My Cat is an Alien My Cat is an Alien

Music writer, Chris Parkin, takes a dip into the music and festival scene in Milan in this week's Indie Music Blog...

Danger Mouse and Daniele Luppi’s recent homage to Italian film music, Rome, shifted attention away from cities up north near the Alps. But while it’s true that Rome’s prog bands and film score composers – illustrious names such as Goblin and Ennio Morricone – will ensure vinyl junkies and fans of esoteric music go all misty-eyed for the capital, Milan has its own heritage to be proud of.

It’s where some of the earliest codified music in Western culture comes from and the city’s music conservatory educated luminaries such as Giacomo Puccini and Ludovico Einaudi. But like many cities in northern Italy there’s an industrial feel to the place, which has an effect on the noises emerging from there in much the same way Birmingham produced a lot of grinding, oily metal.

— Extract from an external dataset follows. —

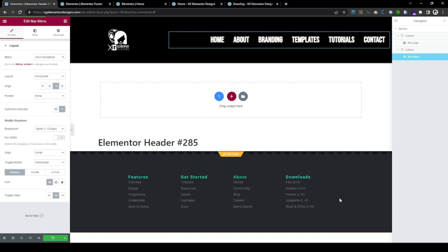And, that's how you create headers with Elementor Pro. I hope you enjoyed this tutorial. Let me know in the comments if you have any questions. Thank you for watching and see you next time. Take care. Bye.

In the 90s, Milan was a breeding ground for a strangely stylish, sex mad and uber threatening Italian hip-hop – the most popular rapper being Articolo 31 – and right now the city is throwing more warehouse parties than disco-era New York. Its inhabitants seem also to be extremely fond of experimental electronic music and noise compositions played on instruments such as pneumatic drills. What visiting F1 fans will make of that we’re not entirely sure.

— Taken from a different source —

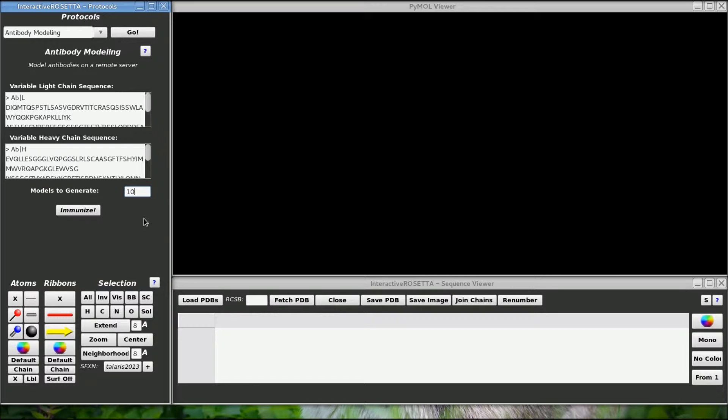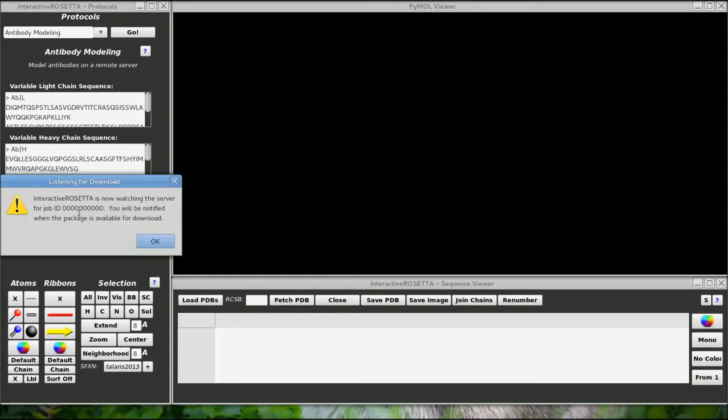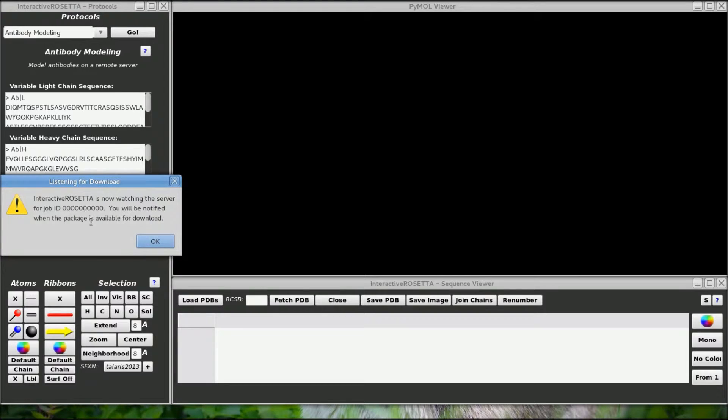When I am ready, I will click this immunize button. Yes, I do like being cute with button names every once in a while.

First, there’s the Kernel Festival, which took place on the outskirts of Milan in Desio for the first time in July. Held at the town’s Villa Tittoni Traversi, the three-day event is a high concept thing that attempts to link electronic sound with digital and interactive art, audiovisual mapping (whatever that is) and temporary architecture.

The bill, which they’ll be hoping to surpass in 2012, featured a who’s who of international electronic mavericks, most of them dystopian-sounding in nature. Minimal techno man Shed was there along with the Mortiz Von Oswald Trio – the slinky, minimal threesome led by the founder of Basic Channel – DJ Spooky and UK dubstep linchpin Kode9. And there’s hardly a dearth of homebred Milan-based noisemakers either. Joining the bill were 8bit musician Tonylight, wonky electronicist Mother Inc, local drone-folk outfit The Bizarre Collection and sonic artist Marco Donnarumma.

 

 
Another Milan festival is Elita, an event closely associated with the annual design week that’s held every April. It also veers to the leftfield, though not quite as deeply as Kernel. Past performers include Pantha Du Prince, UK Mercury Prize nominee Jon Hopkins, Mouse on Mars and more. There’s the Magnolia Parade too, an event we’ve missed by a week and which shows off the city’s musically on-trend tendencies with famous bands such as Mogwai DJing alongside live sets from obscure noiseniks and electro-punks.

Bolstering the city’s increasing presence on Europe’s avant-garde/leftfield scene are venues such as Fondazione Arnoldo Pomodoro, which books acts like Einsturzende Neubauten’s Blixa Bargeld and heavenly electronicist Christian Fennesz. Plus Milan’s label/distribution project SoundOHM – a one-stop shop for synapse-frying noise and spaced-out drones.

And for fans of music that most people will argue isn’t really music, it’s never too long before Turin’s premier cosmic rockers My Cat is An Alien drop by to unleash their hypnotic grooves, static drones, spontaneous compositions and odd blend of audio visual art performed on electric and acoustic guitars, toy instruments they call 'space toys' and ‘alientronics'. Just to give you an idea of what they’re like before you hit play below and have your ears burned, they’ve worked with Sonic Youth, Jackie-O Motherfucker, Nels Cline and Mats Gustafsson in the past. Basically, they’re noisier than an F1 starting grid.